# Tornado Interceptors



## MA-Caver (May 30, 2011)

This is an hour long video documenting a man's quest to get an IMAX shot of a tornado... from the INSIDE. He spent thousands of dollars to build a vehicle that will allow him (and his team) to drive inside a tornado's path and with a IMAX camera mounted inside a turrent film the funnel. Lots of frustration but eventually success... 
http://www.snagfilms.com/films/title/tornado_intercept1/

Pretty crazy and insane stuff but risk takers like these that survive also provide crucial scientific data needed to understand these killer storms better.
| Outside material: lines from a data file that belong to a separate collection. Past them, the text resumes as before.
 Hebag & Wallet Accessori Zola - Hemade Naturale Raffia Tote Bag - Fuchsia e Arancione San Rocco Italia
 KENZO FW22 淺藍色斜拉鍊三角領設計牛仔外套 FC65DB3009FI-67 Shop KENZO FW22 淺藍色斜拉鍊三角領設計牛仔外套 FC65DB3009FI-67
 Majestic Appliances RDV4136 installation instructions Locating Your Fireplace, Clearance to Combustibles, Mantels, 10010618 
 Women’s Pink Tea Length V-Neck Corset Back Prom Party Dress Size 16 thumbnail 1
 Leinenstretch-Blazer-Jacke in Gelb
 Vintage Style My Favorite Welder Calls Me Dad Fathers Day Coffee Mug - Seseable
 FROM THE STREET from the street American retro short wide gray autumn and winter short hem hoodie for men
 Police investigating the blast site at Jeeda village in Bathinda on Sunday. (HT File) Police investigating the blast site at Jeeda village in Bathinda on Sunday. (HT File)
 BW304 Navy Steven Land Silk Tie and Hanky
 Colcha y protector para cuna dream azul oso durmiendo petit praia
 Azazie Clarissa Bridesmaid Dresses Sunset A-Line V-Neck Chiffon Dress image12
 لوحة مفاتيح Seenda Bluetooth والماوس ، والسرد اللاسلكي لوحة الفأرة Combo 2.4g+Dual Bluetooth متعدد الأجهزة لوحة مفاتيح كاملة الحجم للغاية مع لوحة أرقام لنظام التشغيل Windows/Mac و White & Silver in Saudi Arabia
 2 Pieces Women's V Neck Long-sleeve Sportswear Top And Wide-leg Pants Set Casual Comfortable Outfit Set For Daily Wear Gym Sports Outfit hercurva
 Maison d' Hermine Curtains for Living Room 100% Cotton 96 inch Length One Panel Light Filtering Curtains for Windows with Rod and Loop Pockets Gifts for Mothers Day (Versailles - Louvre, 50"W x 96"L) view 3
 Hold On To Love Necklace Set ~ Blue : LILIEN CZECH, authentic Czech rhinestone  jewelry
This year is rapidly approaching the most deadliest tornado season and knowledge gained from these guys can help prevent further fatalities by understanding the storms, their possible paths, winds and other data to better inform people in advance to seek safety. 

Enjoy


----------



## Carol (May 31, 2011)

DANG!  That looks scary...but also very interesting.  Just watched the first minute but I'm def. bookmarking to view later. 

Awesome find, thanks for sharing! :asian:


----------



## Sukerkin (May 31, 2011)

Sadly I cannot view the footage due to some nefarious racism that blocks English viewers from watching it .

Sounds fascinating I have to say :nods:.


----------